On April 8, 1999, the PUCN issued a revised proposed rule that
specifies the information a utility must include in its request for recovery of
past costs. The final rule is expected to include the date for the submission of
filings to recover past costs, which will likely be 45 days after the order from
the compliance plan filing is issued.
On June 1, 1999, the PUCN began and suspended the hearing on the
proposed past cost rule. Due to the passage of SB 438, the PUCN determined that
this rule and other regulations should be evaluated to investigate the impact of
SB 438 has on this and other pending and adopted regulations. The PUCN has
scheduled a hearing on November 8, 1999, on the proposed past cost rule. The
Company has not completed an estimate of its past costs, since such a
calculation is dependent on a variety of issues related to restructuring which
are not resolved at this time.
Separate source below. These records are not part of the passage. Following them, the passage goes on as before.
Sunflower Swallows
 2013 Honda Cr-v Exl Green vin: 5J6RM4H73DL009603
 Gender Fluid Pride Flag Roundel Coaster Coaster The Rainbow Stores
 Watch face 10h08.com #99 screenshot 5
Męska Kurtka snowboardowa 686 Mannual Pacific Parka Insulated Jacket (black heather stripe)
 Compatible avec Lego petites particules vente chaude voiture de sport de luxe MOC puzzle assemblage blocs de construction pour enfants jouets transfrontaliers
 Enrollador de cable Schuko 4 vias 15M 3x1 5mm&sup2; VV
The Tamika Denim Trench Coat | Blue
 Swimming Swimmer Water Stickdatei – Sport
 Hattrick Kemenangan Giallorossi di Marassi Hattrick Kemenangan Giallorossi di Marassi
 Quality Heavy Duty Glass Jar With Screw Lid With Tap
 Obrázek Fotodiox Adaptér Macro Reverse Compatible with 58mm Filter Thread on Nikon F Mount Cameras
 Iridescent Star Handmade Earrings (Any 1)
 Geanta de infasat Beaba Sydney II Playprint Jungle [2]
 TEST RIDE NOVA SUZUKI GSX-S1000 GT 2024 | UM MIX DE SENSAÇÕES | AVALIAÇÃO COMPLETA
These rules are expected to be completed and any
required past cost filing will be made late in 1999 or early 2000.
Provider of Last Resort
The provider of last resort (PLR) will provide electric service to
customers who do not select an electricity provider and to customers who are not
able to obtain service from an alternative seller after the date competition
begins. On March 16, 1999 the PUCN issued a revised proposed rule for PLR. A
hearing was held April 26, 1999. A new procedural final order was issued
regarding those matters.
The PUCN proposed PLR format requires the PLR functions to be performed
by a regulated affiliate of the Company and not by the electric distribution
utility. The business activities of the PLR affiliate must be limited to the PLR
function. The Company and Nevada Power filed joint comments which outlined
concerns that the PUCN proposed PLR format would not be financially viable. The
PUCN issued Procedural Order 11 to request comments on the financial viability
of the PUCN proposed PLR format.
17
<PAGE>
SB 438 specifically provides for the electric distribution utility to
provide PLR services until July 1, 2001. The PUCN has scheduled a workshop on
November 8, 1999 on a new proposed rule for the PLR.
Independent Scheduling Administrator
The Company has participated in interim Independent Scheduling
Administrator (iISA) working groups which are developing iISA standards,
protocols and procedures. The PUCN issued a "Notice of Request for Comments and
Notice of Workshop" to hear from entities interested in performing the iISA
function, the timeline, the functions to be performed, the costs and how these
entities will adhere to the PUCN iISA principles. The PUCN held a workshop on
the proposed iISA on July 14, 1999. Presentations were made by the Mountain West
ISA and the California ISO. The workshop was continued on July 22, 1999.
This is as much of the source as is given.